Held July 3-5, 1970, with attendance estimated to be between 300,000 and 400,000, the Second Atlanta International Pop Festival was arguably the last of the massive, free-spirited, un-corporatized rock festivals of the late-1960s counterculture era. With over 30 musical acts, the festival’s headliner – a mere ten weeks before his untimely death – was Jimi Hendrix. It was the largest audience Hendrix would perform for during his entire career.
Jimi Hendrix: Electric Church, a new documentary film about the music legend’s Atlanta Pop set and the circumstances surrounding it, will debut on premium cable network Showtime on Sept. 4th at 9 p.m. ET. The DVD and Blu-ray version, featuring bonus content not included in the broadcast version, will be released in retail outlets on Oct. 30th.

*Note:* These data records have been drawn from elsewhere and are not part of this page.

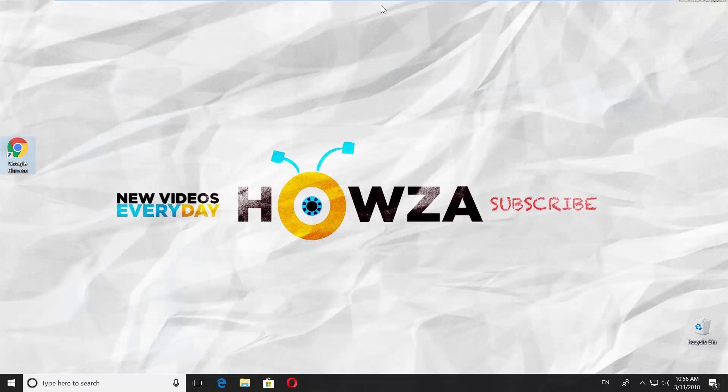Thanks for watching the video. Please like it and subscribe to our channel. We upload new tutorials every day.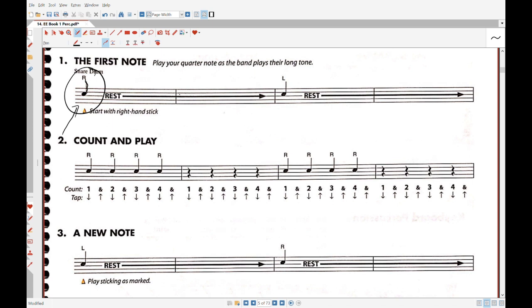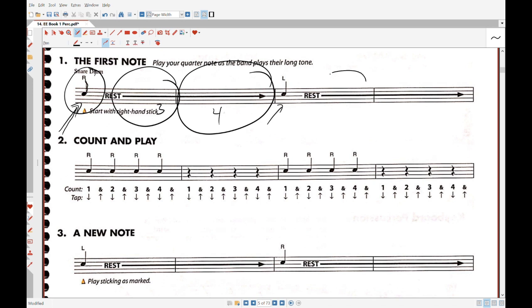The stem comes up from the top. So there's a quarter note here and there's a quarter note here. The rest here is for three beats, and then the rest here continues on for four beats. There's a rest here for three beats and one here for four.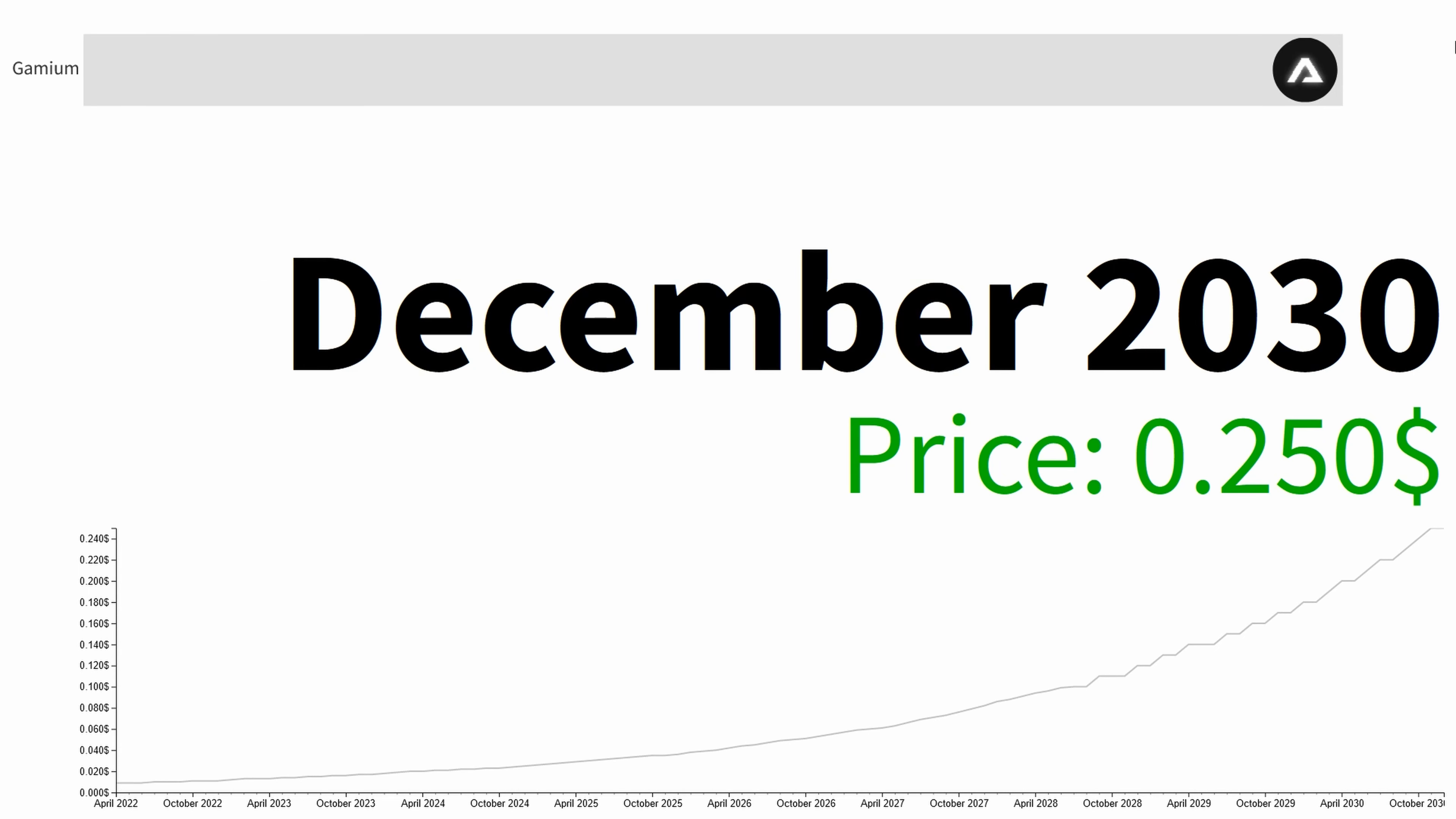So at the end of 2030 the average price is 25 cents. Thanks for watching.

The film features interviews with Atlanta music promoter Alex Cooley, who put on the three-day festival 100 miles south of Atlanta (in a soybean field just outside the tiny town of Byron, Georgia) and his efforts to secure Hendrix, who performed near midnight on the fourth of July. The documentary also includes interviews with such notables as Hendrix bandmates Billy Cox and Mitch Mitchell, Paul McCartney, Steve Winwood, Rich Robinson, Kirk Hammett, Derek Trucks, Susan Tedeschi and Atlanta musician Glenn Phillips, then a member of the Hampton Grease Band who played the festival. The live footage of Hendrix was shot by filmmaker Steve Rash, who would go on to direct The Buddy Holly Story and Can’t Buy Me Love.
An audio release of the concert set itself, Freedom: Jimi Hendrix Experience Atlanta Pop Festival, will precede the Showtime documentary and subsequent DVD release with an Aug. 28th retail release. The 2CD/2LP set will include six performances not seen in the Showtime documentary.